#### [REQUIRED WORK]
Output the lines of the entries below beginning at the one with "Bambini Girls Baby" and ending with the last, exactly as written and without pictures.

Extracted data entries
#####

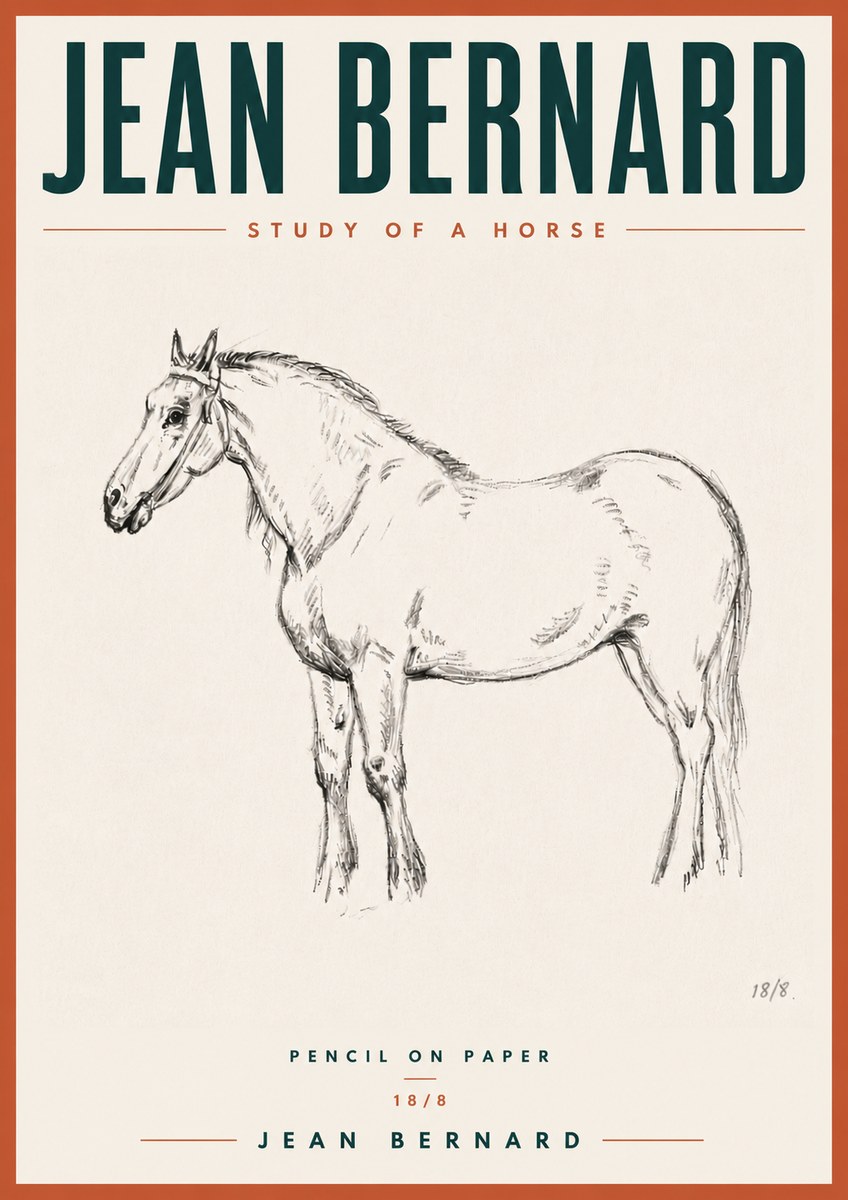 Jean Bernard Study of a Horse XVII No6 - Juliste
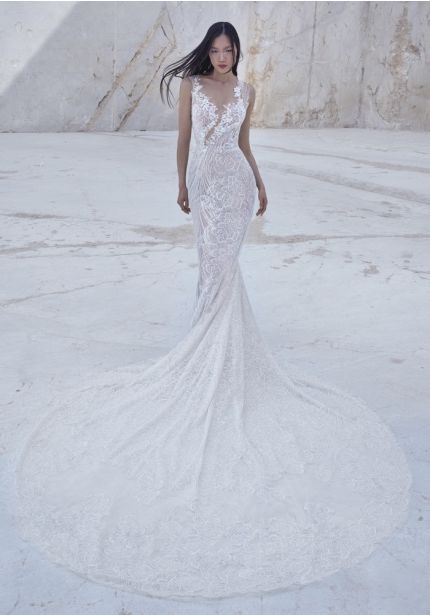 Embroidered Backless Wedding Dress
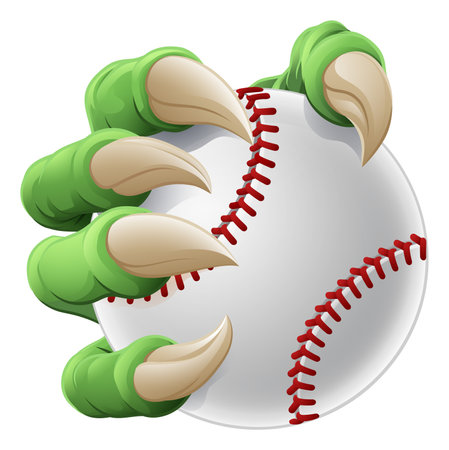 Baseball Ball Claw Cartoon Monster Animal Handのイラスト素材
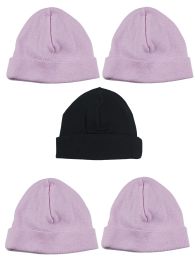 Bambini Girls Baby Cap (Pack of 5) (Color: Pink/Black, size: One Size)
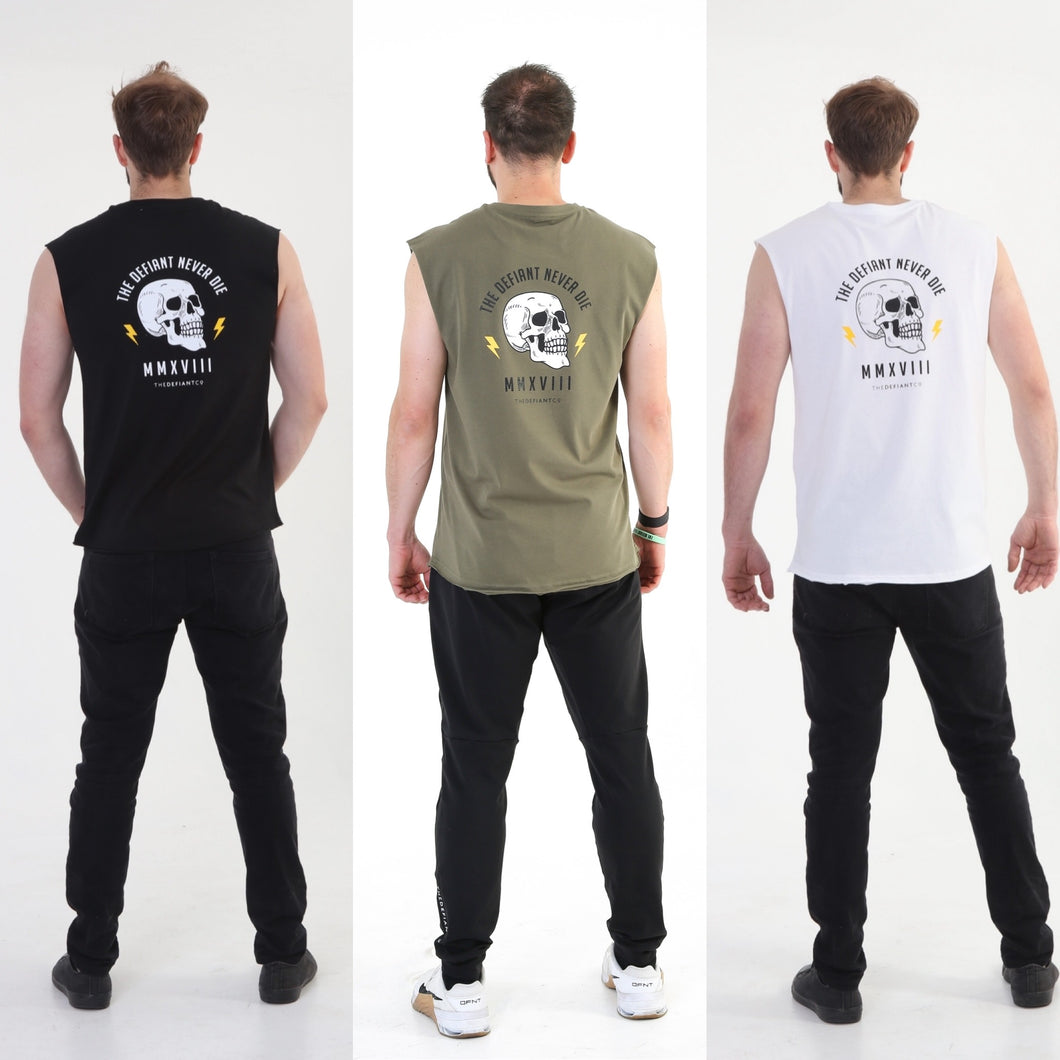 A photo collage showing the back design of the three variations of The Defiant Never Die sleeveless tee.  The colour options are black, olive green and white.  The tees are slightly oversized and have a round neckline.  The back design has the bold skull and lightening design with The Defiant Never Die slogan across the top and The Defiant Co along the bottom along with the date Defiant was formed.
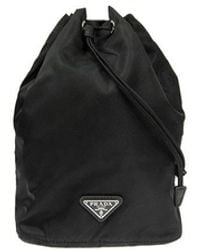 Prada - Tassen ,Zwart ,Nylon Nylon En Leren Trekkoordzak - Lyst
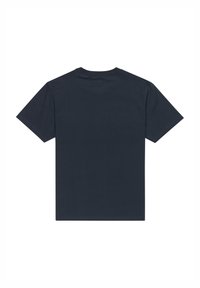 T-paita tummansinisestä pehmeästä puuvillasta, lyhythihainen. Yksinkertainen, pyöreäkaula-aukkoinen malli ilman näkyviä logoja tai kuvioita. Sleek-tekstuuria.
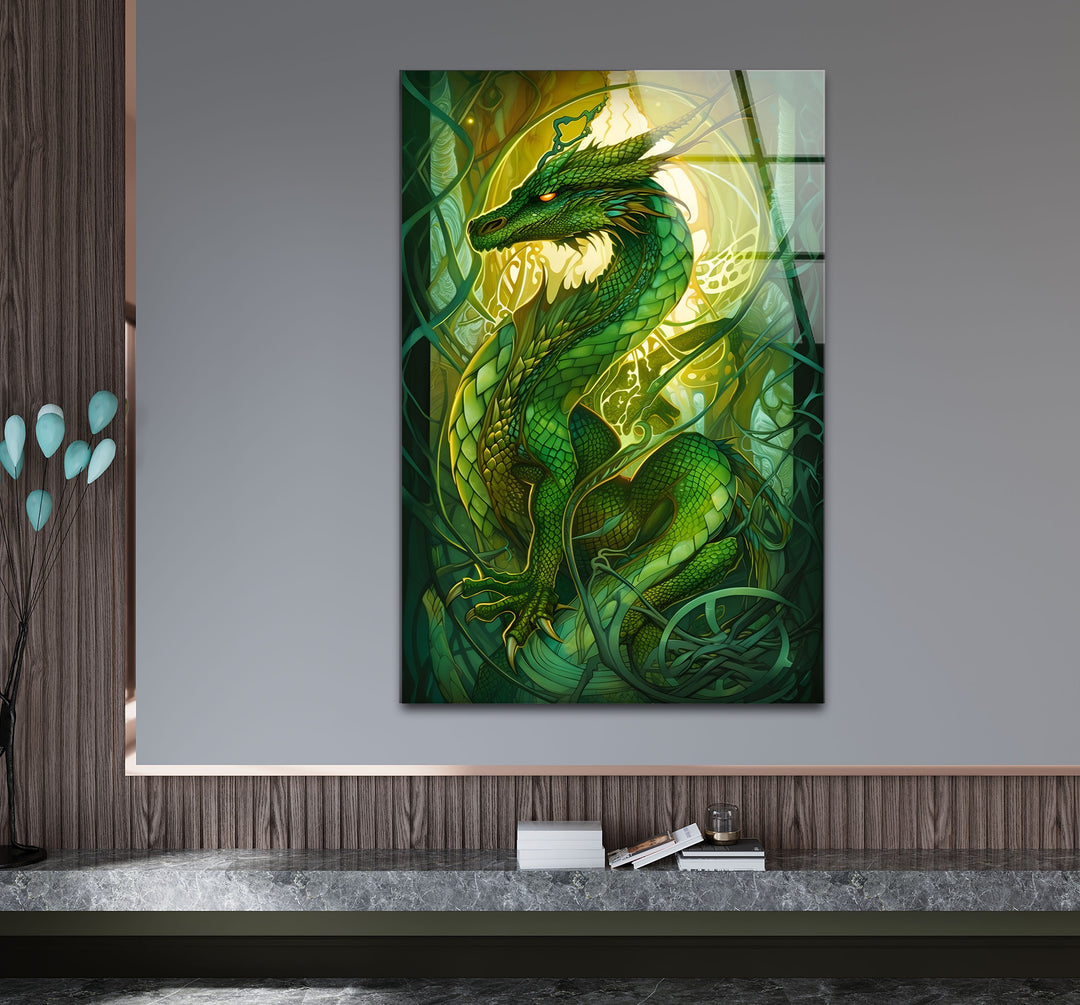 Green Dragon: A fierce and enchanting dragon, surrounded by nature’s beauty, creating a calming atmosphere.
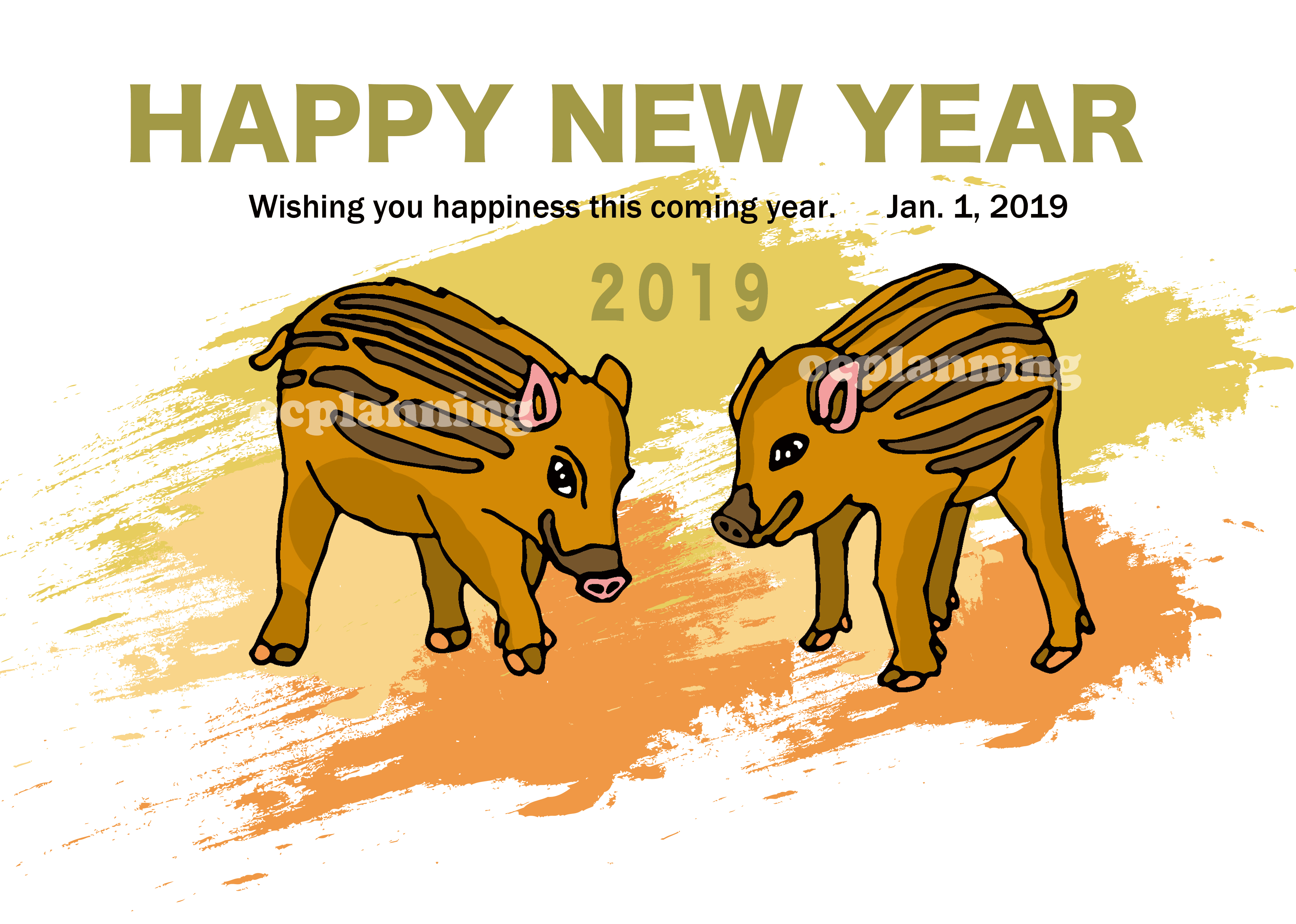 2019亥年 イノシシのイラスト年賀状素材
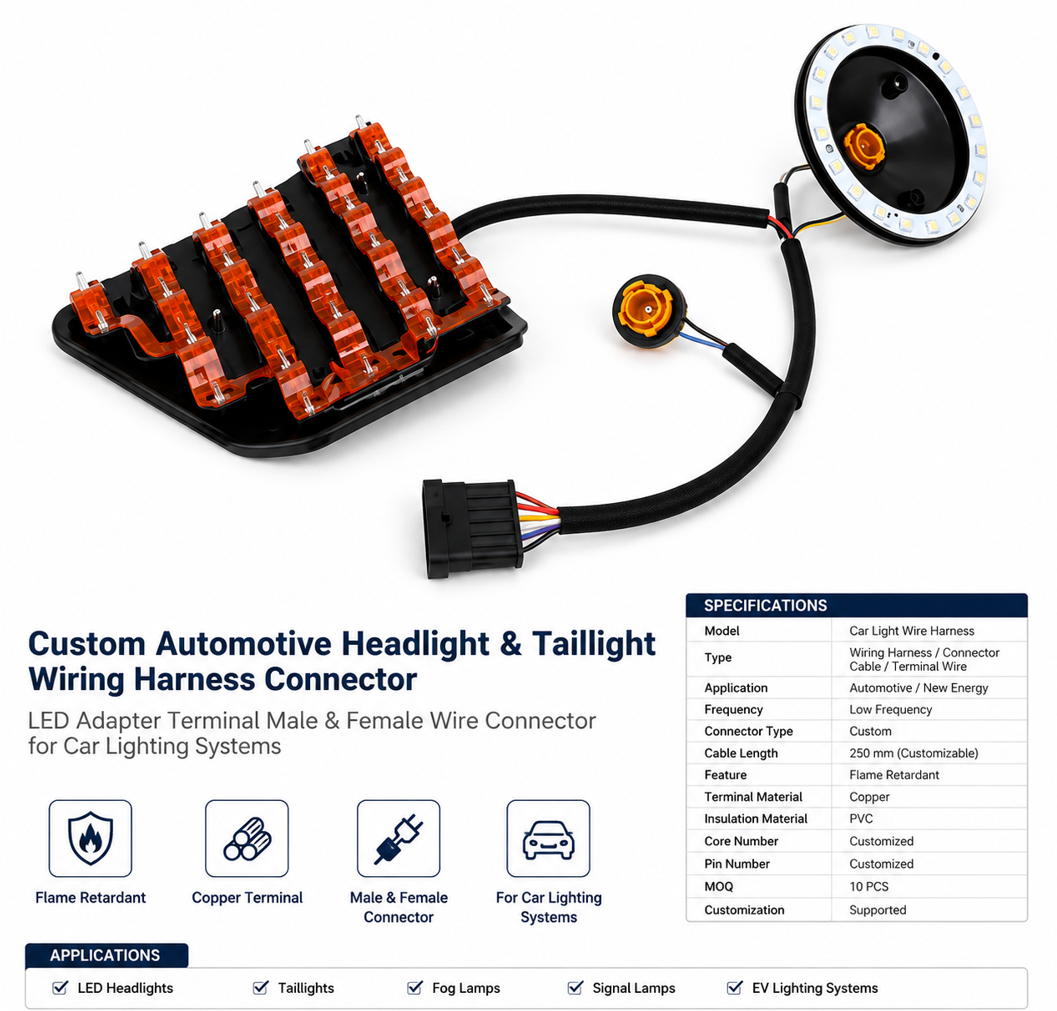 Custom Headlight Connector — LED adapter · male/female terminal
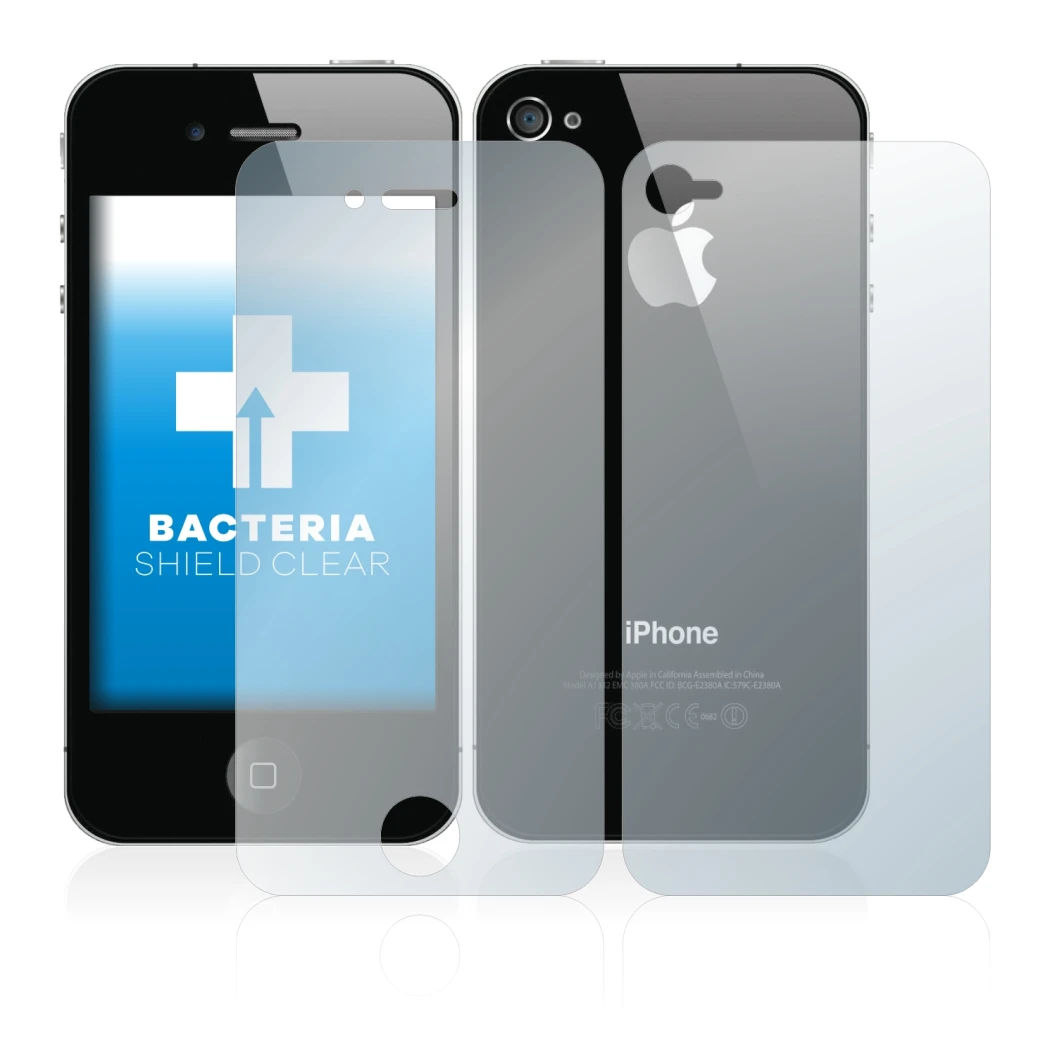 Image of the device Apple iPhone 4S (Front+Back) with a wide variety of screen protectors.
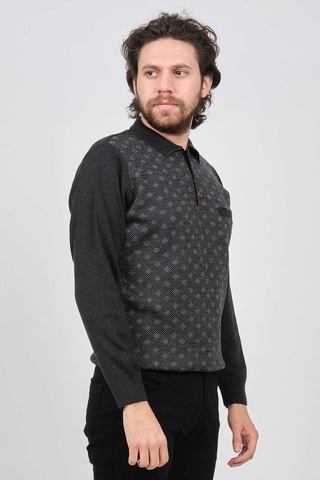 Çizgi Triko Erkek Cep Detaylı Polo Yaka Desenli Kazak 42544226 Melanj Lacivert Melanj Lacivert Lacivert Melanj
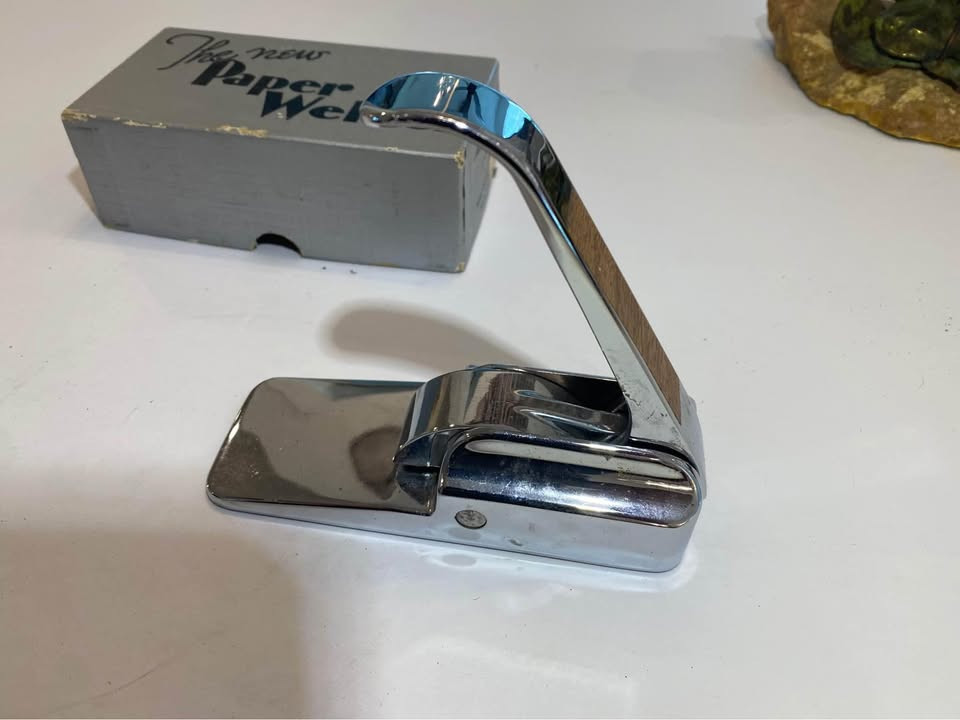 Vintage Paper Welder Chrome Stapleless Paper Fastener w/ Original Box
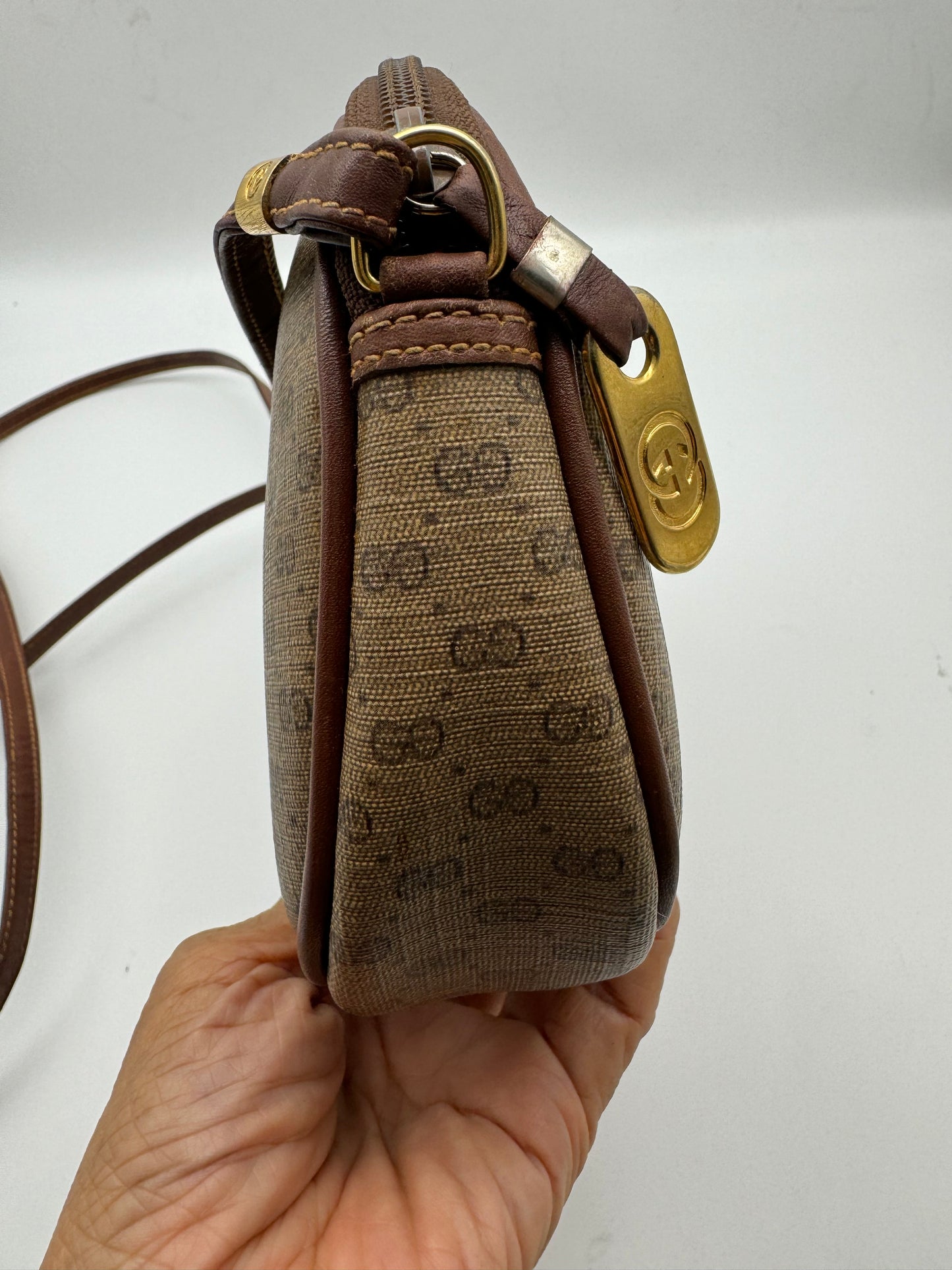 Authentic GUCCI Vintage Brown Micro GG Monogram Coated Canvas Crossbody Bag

#####

#### [TASK SOLUTION]
 Bambini Girls Baby Cap (Pack of 5) (Color: Pink/Black, size: One Size)
 A photo collage showing the back design of the three variations of The Defiant Never Die sleeveless tee.  The colour options are black, olive green and white.  The tees are slightly oversized and have a round neckline.  The back design has the bold skull and lightening design with The Defiant Never Die slogan across the top and The Defiant Co along the bottom along with the date Defiant was formed.
 Prada - Tassen ,Zwart ,Nylon Nylon En Leren Trekkoordzak - Lyst
 T-paita tummansinisestä pehmeästä puuvillasta, lyhythihainen. Yksinkertainen, pyöreäkaula-aukkoinen malli ilman näkyviä logoja tai kuvioita. Sleek-tekstuuria.
 Green Dragon: A fierce and enchanting dragon, surrounded by nature’s beauty, creating a calming atmosphere.
 2019亥年 イノシシのイラスト年賀状素材
 Custom Headlight Connector — LED adapter · male/female terminal
 Image of the device Apple iPhone 4S (Front+Back) with a wide variety of screen protectors.
 Çizgi Triko Erkek Cep Detaylı Polo Yaka Desenli Kazak 42544226 Melanj Lacivert Melanj Lacivert Lacivert Melanj
 Vintage Paper Welder Chrome Stapleless Paper Fastener w/ Original Box
 Authentic GUCCI Vintage Brown Micro GG Monogram Coated Canvas Crossbody Bag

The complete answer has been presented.